Apisai Naevo
- Date of birth: 24 February 1973 (age 52)
- Height: 1.97 m (6 ft 6 in)
- Weight: 105 kg (16 st 7 lb)
- Notable relative(s): Semisi Naevo Manoa Naevo

Rugby union career
- Position(s): Lock, Flanker

Senior career
- Years: Team / Apps / (Points)
- Counties /  / ()
- –: Kaneka /  / ()

Super Rugby
- Years: Team / Apps / (Points)
- 1998: Blues / 5 / (0)
- 1999: Chiefs / 5 / (0)

International career
- Years: Team / Apps / (Points)
- 1996 - 2006: Fiji / 34 / (30)

= Apenisa Naevo =

Fiji international rugby union player

Ratu Apenisa Naevo (born 24 February 1973) is a Fijian rugby union footballer. His usual position is at lock. He has earned over 30 caps for the national team, after debuting in 1996 and going on to represent them at the Rugby World Cup.

Naveo made his debut for Fiji on September 29, 1996, in a match against Hong Kong. Not only did his career get off to a winning start, with Fiji taking the match 64–11, he scored a try on debut. He played two other games that year, another against Hong Kong, and the other against the NZ Maori.

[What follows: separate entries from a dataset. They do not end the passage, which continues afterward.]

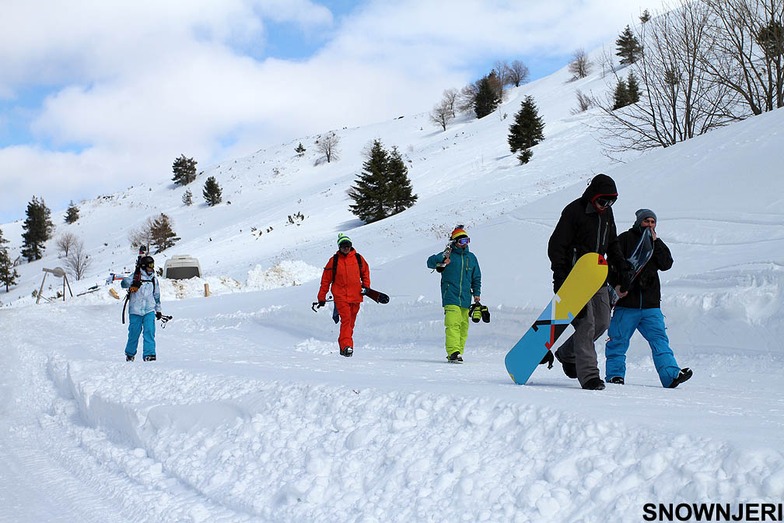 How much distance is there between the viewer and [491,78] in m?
84.4

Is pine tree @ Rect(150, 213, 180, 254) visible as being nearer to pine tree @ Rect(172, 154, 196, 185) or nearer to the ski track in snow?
pine tree @ Rect(172, 154, 196, 185)

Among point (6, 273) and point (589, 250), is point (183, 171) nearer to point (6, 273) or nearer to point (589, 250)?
point (6, 273)

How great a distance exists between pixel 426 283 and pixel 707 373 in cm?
702

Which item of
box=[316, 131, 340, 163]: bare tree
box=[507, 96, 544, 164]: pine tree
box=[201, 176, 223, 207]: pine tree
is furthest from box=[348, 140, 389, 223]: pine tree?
box=[316, 131, 340, 163]: bare tree

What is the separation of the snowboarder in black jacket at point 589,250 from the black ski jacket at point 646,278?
0.45 metres

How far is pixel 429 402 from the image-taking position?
15.0ft

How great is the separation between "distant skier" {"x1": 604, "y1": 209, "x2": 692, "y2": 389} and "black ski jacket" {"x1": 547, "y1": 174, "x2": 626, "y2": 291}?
0.51 meters

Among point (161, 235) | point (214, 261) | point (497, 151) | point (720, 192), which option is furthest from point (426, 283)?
point (161, 235)

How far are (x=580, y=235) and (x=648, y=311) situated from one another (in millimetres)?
1186

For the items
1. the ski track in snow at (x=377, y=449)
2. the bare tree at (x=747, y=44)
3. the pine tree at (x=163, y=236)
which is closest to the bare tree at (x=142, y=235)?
the pine tree at (x=163, y=236)

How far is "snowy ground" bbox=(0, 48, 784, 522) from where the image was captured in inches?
135

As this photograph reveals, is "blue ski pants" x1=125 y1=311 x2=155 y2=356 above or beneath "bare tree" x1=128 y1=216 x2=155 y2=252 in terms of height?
beneath

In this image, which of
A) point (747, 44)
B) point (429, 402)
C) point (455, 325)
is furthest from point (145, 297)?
point (747, 44)

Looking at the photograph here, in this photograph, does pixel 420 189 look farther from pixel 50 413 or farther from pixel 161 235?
pixel 50 413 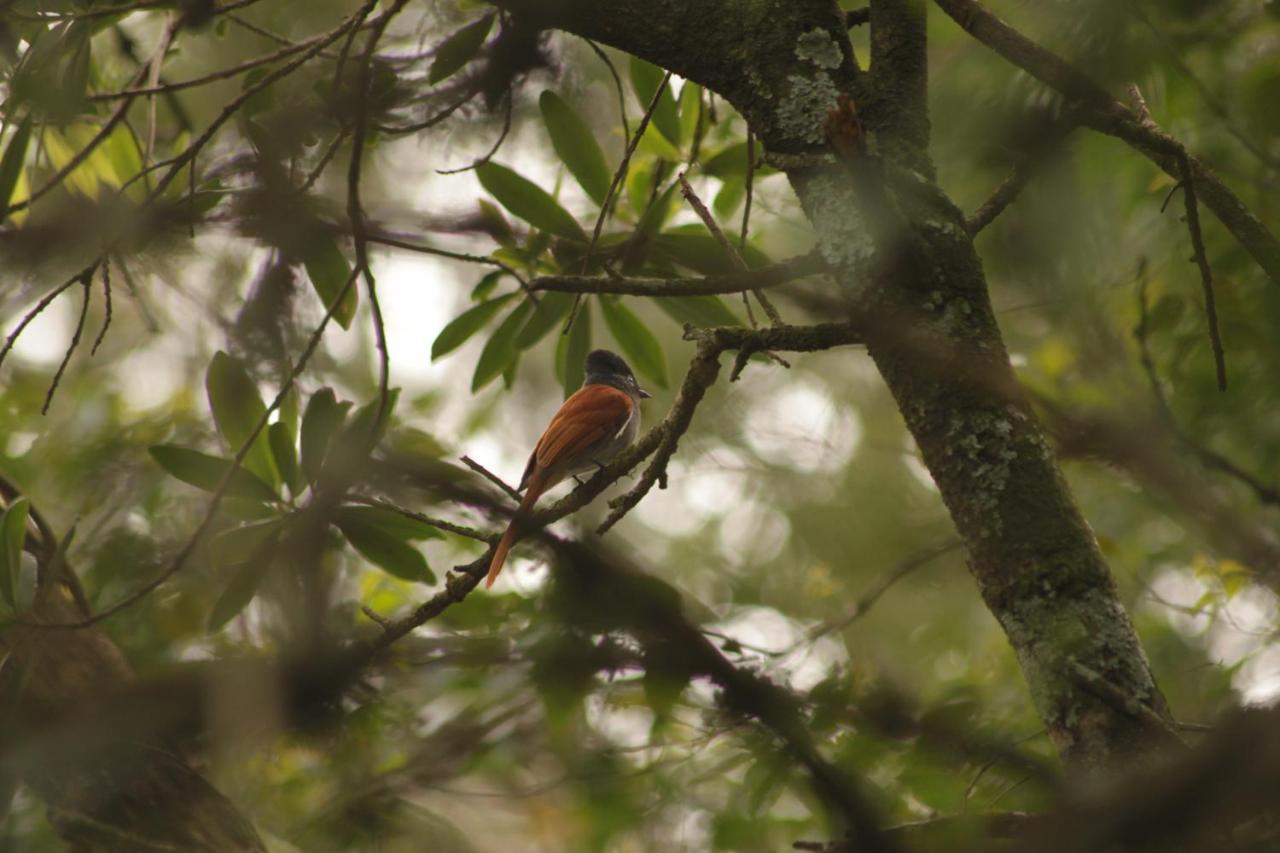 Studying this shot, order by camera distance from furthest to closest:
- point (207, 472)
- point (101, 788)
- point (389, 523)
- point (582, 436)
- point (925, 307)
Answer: point (582, 436) → point (207, 472) → point (389, 523) → point (101, 788) → point (925, 307)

After being capped three times the following season he went on to appear five times for Fiji in 1998. In 1999 he played three games during June–July, and then four Tests during August and was then included in the Fiji squad for the 1999 Rugby World Cup in Wales. He played two matches during the tournament; the games against Namibia and Canada during the pool stages.

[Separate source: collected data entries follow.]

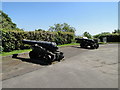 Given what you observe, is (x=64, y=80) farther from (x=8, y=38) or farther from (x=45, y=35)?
(x=45, y=35)

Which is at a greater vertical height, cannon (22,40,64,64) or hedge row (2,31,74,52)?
hedge row (2,31,74,52)

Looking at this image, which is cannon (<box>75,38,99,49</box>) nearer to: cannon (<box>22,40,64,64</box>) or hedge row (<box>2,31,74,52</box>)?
hedge row (<box>2,31,74,52</box>)

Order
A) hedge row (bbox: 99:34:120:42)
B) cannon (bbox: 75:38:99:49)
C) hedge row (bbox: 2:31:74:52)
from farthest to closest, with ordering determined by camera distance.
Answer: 1. hedge row (bbox: 99:34:120:42)
2. cannon (bbox: 75:38:99:49)
3. hedge row (bbox: 2:31:74:52)

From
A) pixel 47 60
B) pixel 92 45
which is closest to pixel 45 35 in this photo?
pixel 92 45

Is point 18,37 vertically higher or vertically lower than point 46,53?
higher

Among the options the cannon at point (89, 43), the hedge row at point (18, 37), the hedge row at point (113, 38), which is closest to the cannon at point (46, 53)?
the hedge row at point (18, 37)

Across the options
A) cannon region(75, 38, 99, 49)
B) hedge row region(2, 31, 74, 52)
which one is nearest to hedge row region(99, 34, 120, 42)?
cannon region(75, 38, 99, 49)

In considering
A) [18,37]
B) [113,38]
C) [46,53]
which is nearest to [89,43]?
[18,37]

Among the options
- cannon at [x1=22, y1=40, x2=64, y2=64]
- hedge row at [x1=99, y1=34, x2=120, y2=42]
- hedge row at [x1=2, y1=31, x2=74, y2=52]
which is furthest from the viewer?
hedge row at [x1=99, y1=34, x2=120, y2=42]

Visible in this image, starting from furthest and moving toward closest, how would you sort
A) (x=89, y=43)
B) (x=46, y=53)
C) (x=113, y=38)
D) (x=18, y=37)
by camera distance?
(x=113, y=38) < (x=89, y=43) < (x=18, y=37) < (x=46, y=53)

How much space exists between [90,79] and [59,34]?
16101 millimetres

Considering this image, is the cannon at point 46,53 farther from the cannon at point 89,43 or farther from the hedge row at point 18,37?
the cannon at point 89,43

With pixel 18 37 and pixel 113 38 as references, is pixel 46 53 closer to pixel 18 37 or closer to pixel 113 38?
pixel 18 37

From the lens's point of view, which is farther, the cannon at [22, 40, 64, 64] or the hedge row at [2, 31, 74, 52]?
the hedge row at [2, 31, 74, 52] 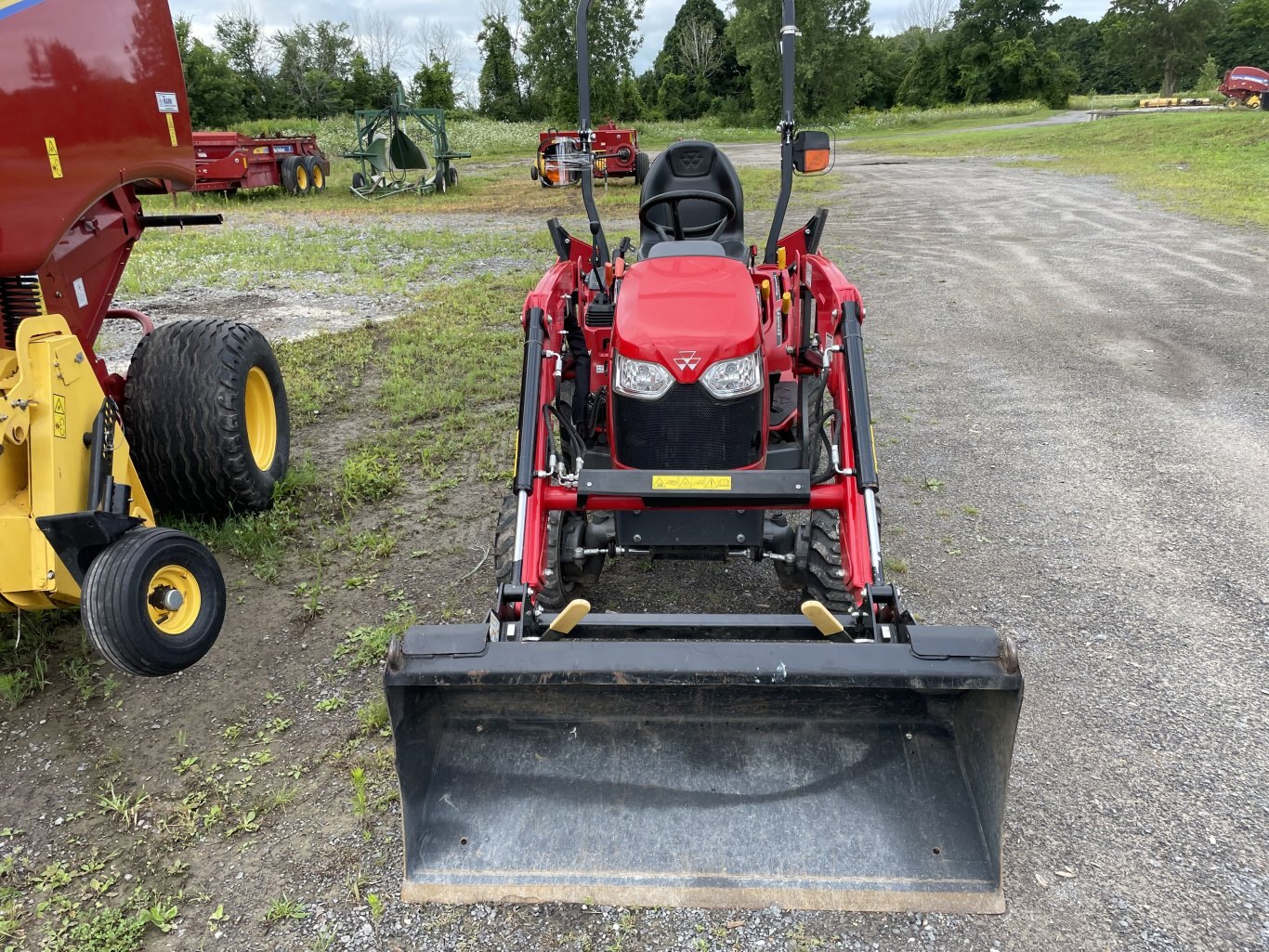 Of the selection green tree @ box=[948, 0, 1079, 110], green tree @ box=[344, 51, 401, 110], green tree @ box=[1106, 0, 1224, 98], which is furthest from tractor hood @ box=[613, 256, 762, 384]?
green tree @ box=[1106, 0, 1224, 98]

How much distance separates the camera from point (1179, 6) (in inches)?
2197

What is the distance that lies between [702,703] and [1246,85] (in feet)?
125

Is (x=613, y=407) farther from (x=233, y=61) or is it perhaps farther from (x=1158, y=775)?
(x=233, y=61)

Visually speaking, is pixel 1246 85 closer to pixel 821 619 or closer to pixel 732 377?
pixel 732 377

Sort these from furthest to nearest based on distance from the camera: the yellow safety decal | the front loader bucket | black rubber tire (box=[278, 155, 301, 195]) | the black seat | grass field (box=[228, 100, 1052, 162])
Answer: grass field (box=[228, 100, 1052, 162]), black rubber tire (box=[278, 155, 301, 195]), the black seat, the yellow safety decal, the front loader bucket

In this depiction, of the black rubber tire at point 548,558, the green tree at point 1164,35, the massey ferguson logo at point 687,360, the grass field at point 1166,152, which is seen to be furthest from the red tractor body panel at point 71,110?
the green tree at point 1164,35

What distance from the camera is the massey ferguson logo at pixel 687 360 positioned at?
302 centimetres

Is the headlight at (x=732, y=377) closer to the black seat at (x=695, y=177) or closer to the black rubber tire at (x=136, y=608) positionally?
the black rubber tire at (x=136, y=608)

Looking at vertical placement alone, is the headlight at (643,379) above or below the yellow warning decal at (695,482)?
above

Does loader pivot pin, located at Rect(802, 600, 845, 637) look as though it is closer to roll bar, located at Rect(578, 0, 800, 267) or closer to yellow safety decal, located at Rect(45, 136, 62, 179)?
roll bar, located at Rect(578, 0, 800, 267)

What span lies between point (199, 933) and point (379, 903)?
440 mm

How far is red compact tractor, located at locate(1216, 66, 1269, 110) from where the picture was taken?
3048 cm

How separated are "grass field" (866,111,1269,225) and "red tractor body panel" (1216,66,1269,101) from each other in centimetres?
840

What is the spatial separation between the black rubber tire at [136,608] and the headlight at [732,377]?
1.73m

He next played for Fiji in May 2001, and went on to play another five times that season. He went on tour in November of the 2002 season, playing in the games against Wales, Ireland and Scotland. After playing two games in July 2003 he was included in the Fiji squad for the 2003 Rugby World Cup in Australia, playing three games, against France and the United States, scoring tries in both, and the games against Scotland.

Apenisa Naevo is the son of Joeli Lesavua, the younger brother of Ratu Apisai Naevo, the Paramount Chief of Nawaka, in Nadi. His brother, Semisi Naevo, is also a rugby player.